Bobrat speaks well to the point that what you propose is impossible.
You have to remember, though, that what editors are doing is not SUPPOSED to be a traversal (random or not) of the unreviewed queue. It's SUPPOSED to be a traversal of the whole internet; and it should focus on whatever tools are most efficient at getting to as-yet-unreviewed sites.
What's most efficient? Well, that may depend on who's working, and where. I created a new category yesterday, based on some links in a niche-subject mailing list. (a centenary of historical importance in the field is coming up.) Obviously there were NO submittals; and it turned out half the links in the message were non-responding, and I went 300 deep in Google search results without result. _Nothing_ all that efficient, but of course ... and this is the point ... I DIDN"T KNOW THAT BEFOREHAND.
So, how do you pick the most efficient approach, when you don't know ahead of time how efficient ANY approach would be?

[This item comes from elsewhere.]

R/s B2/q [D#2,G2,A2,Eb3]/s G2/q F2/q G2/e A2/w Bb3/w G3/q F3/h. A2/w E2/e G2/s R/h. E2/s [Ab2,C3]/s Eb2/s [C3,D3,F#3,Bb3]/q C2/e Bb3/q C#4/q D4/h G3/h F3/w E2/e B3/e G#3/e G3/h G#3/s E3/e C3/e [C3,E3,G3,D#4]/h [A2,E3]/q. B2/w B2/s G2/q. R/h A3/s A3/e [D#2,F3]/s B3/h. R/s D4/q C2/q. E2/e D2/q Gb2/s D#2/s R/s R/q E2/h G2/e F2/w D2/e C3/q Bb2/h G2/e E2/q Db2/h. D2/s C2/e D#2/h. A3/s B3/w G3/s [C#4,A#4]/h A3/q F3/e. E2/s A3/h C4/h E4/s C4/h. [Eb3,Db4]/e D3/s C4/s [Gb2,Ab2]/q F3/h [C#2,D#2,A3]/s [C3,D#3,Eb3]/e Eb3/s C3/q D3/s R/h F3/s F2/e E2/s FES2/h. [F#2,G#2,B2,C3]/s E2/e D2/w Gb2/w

Simple. You get ten thousand editors, each with some theory as to which approach is most efficient. Let each one try his own approach. Let them talk to each other. Some people who aren't having much success are likely to try something someone else claims works better; and so more people work on what seems most efficient at the moment. Other unsuccessful site searchers just dig in and try harder, and so some people keep testing alternative approaches, covering the possibility that the most efficient approach is ineffective at finding some things, or in preparation for the day when spammers figure out how to spam the living daylights out of the more efficient tool.

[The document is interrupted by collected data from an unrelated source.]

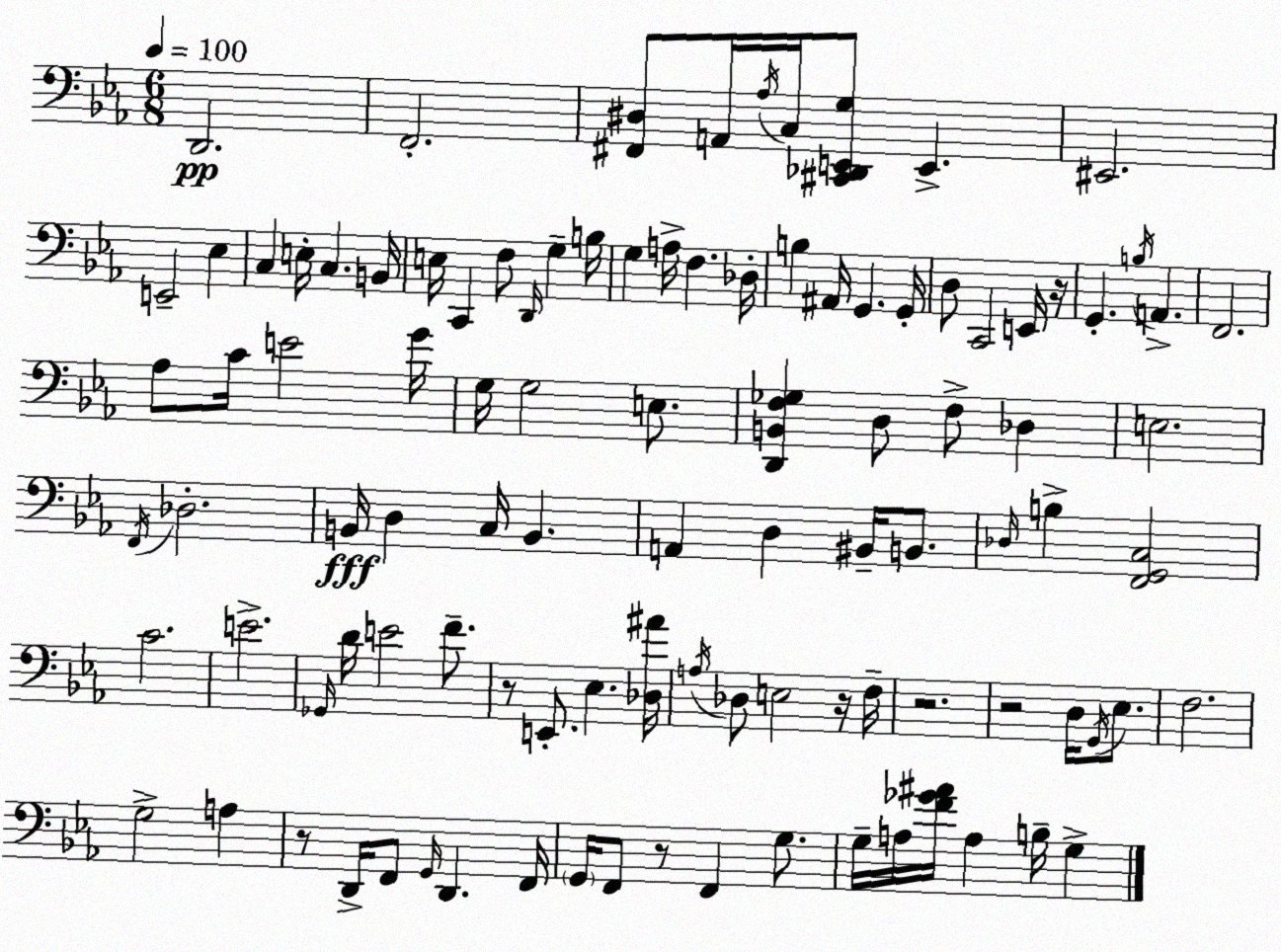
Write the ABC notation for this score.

X:1
T:Untitled
M:6/8
L:1/4
K:Cm
D,,2 F,,2 [^F,,^D,]/2 A,,/4 _A,/4 C,/4 [^C,,_D,,E,,G,]/2 E,, ^E,,2 E,,2 _E, C, E,/4 C, B,,/4 E,/4 C,, F,/2 D,,/4 G, B,/4 G, A,/4 F, _D,/4 B, ^A,,/4 G,, G,,/4 D,/2 C,,2 E,,/4 z/4 G,, B,/4 A,, F,,2 _A,/2 C/4 E2 G/4 G,/4 G,2 E,/2 [D,,B,,F,_G,] D,/2 F,/2 _D, E,2 F,,/4 _D,2 B,,/4 D, C,/4 B,, A,, D, ^B,,/4 B,,/2 _D,/4 B, [F,,G,,C,]2 C2 E2 _G,,/4 D/4 E2 F/2 z/2 E,,/2 _E, [_D,^A]/4 A,/4 _D,/2 E,2 z/4 F,/4 z2 z2 D,/4 G,,/4 _E,/2 F,2 G,2 A, z/2 D,,/4 F,,/2 G,,/4 D,, F,,/4 G,,/4 F,,/2 z/2 F,, G,/2 G,/4 A,/4 [F_G^A]/4 A, B,/4 G,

Very non-deterministic, very dynamic, very very effective at making the best possible use of informed human judgment.
Replacing with a single tool (submittals) and a single dictum about how they must be used in a robotic assembly line would be an unmitigated disaster.
Actually, it would be MUCH worse than that.
It is not just editors who are people and can adjust their methods to achieve their goals most efficiently. Spammers are also, in a way, human (or partially human, or as C.S.Lewis might say, in the process of ceasing to be human. And they are also capable of adjusting their machinations based on information they have.
Ignore bobrat's reality: the totally insoluble problem of centrally allocating editors with specific skills to submittals -- mapping 600000 category queues into 60,000 editor queues with unknown service times. if the ODP announced that henceforth all submittals would be reviewed in order, and that there was currently a 140-day, 12-hour, 47-minute wait.
What would the spammers do?
Hmm. I know people pay $300 for a quick review at Yahoo. A domain name costs $6.95, or I could set up a name server and create subdomains virtually free.
All I have to do is submit a zillion dummy URLs today. I could probably hire third-world keyboardists for five cents a submittal, but even if it cost a dollar, no biggie. Because in only 130 days, I'm going to be selling those URLs at $300 a pop to webmasters who want immediate reviews. I'll be rich, Rich, RICH!
Of course, after submitting a year's supply (say half-a-million URLs), I'd mention this scam to my closest friends, who will all think, "that's a good idea, but I could just as well use deeplinks on a Geocities site, cut the price by $6.95, and take over the market." But it'll be too late, those third world keyboardists will have figured out the stunt and started moonlighting on their own quick-ODP-reviews-for-sale business.
And the ODP would have given complete control of its editing priorities into the hands of the most evil people on the internet.
Sorry, but that's not a first step towards anywhere I ever want to go.